64,4>{1.{16.?<}{;).2$?}/@.,1>{2$\%*}**!*\;~}%$.&{p}/

I golfed this pretty heavily, here is a compilation of midway solutions:

;64,4>{.,2>{\.@%}%{*}*!\;},{1.{16.?<}{;).2$?}/]2=}%[]*$0\{.@={}{.p}if}/;
;64,4>{.,2>{\.@%}%{*}*!\;},{1.{16.?<}{;).2$?}/]2=}%[]*$.&{p}/
;64,4>{.,2>{\.@%}%{*}*!\;},{1.{16.?<}{;).2$?}/]2=~}%$.&{p}/
;4.{64<}{;)..,1>{2$\%*}*!*}/0-\;{1.{16.?<}{;).2$?}/]2=~}%$.&{p}/
;64,4>{.,1>{2$\%*}*!*},{1.{16.?<}{;).2$?}/]2=~}%$.&{p}/
;64,4>{.,1>{2$\%*}*{1.{16.?<}{;).2$?}/~}or]2>~}%$.&{p}/
64,4>{.,1>{2$\%*}*!\1.{16.?<}{;).2$?}/\;\;*~}%$.&{p}/
64,4>{1.{16.?<}{;).2$?}/\;\.,1>{2$\%*}*!\;*~}%$.&{p}/
64,4>{1.{16.?<}{;).2$?}/@.,1>{2$\%*}**!*\;~}%$.&{p}/

GolfScript seems to have some problem with outputting large arrays, therefore I step through the result array using {p}/ rather than just inject the needed lineshifts using n*.

The first 5 versions work by first generating an array of nonprimes from 4 to 63 (code before {1.), then for each element of that list all N^nonprime less than 2^64 is calculated (1.{16.?<}{;).2$?}/).

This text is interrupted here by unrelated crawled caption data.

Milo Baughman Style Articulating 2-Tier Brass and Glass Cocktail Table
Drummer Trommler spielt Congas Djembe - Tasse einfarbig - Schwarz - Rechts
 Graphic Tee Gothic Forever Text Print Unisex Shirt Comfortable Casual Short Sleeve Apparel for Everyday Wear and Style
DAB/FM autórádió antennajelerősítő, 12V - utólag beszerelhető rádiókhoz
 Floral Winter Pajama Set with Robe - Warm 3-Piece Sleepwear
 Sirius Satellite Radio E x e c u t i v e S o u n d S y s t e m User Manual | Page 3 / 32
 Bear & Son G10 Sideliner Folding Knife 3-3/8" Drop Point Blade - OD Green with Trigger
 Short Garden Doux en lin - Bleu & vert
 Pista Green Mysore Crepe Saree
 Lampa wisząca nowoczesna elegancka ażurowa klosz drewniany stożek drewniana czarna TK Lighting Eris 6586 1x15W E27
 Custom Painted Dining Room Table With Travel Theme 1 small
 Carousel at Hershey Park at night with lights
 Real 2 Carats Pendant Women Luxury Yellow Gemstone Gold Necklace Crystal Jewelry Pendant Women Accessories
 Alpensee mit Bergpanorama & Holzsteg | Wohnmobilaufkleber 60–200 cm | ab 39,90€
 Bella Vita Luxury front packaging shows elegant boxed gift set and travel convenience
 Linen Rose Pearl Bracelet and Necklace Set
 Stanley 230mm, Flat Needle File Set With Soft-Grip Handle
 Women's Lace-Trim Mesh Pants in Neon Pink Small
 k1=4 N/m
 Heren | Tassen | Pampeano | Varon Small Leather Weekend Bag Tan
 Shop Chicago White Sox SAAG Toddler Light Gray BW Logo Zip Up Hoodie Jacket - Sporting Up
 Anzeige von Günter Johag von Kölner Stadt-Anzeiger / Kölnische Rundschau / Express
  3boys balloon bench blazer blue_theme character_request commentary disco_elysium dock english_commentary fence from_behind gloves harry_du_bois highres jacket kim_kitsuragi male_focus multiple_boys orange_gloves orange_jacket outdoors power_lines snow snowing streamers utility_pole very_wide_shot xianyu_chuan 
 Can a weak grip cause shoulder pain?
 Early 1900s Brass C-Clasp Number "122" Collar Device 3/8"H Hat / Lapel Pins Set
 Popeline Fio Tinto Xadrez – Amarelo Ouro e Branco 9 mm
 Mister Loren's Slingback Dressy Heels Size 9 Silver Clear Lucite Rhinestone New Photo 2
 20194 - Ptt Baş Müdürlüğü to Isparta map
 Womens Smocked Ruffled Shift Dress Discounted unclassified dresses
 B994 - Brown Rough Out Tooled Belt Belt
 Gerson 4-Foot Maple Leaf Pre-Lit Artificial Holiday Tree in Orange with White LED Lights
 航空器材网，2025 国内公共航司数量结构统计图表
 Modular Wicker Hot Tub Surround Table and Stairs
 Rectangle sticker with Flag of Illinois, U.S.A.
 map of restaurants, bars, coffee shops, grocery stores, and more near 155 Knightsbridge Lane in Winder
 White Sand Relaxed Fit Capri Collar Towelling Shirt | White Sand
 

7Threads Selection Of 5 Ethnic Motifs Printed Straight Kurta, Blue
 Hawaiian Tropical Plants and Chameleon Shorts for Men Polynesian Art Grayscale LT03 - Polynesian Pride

Finally the result is sorted, duplicates are removed and the result is output.

In the 6th version the 2 first functions are put in the same loop.

In the 7th version the N^nonprime array is generated no matter if the nonprime is actually a nonprime, the array is then thrown away if needed.

In the 8th and 9th version the order has been switched so the N^nonprime array is generated before nonprime status is asserted.

By the way, a^b where a>0, b>1 and b is nonprime is probably a more programming-friendly way of describing super powers.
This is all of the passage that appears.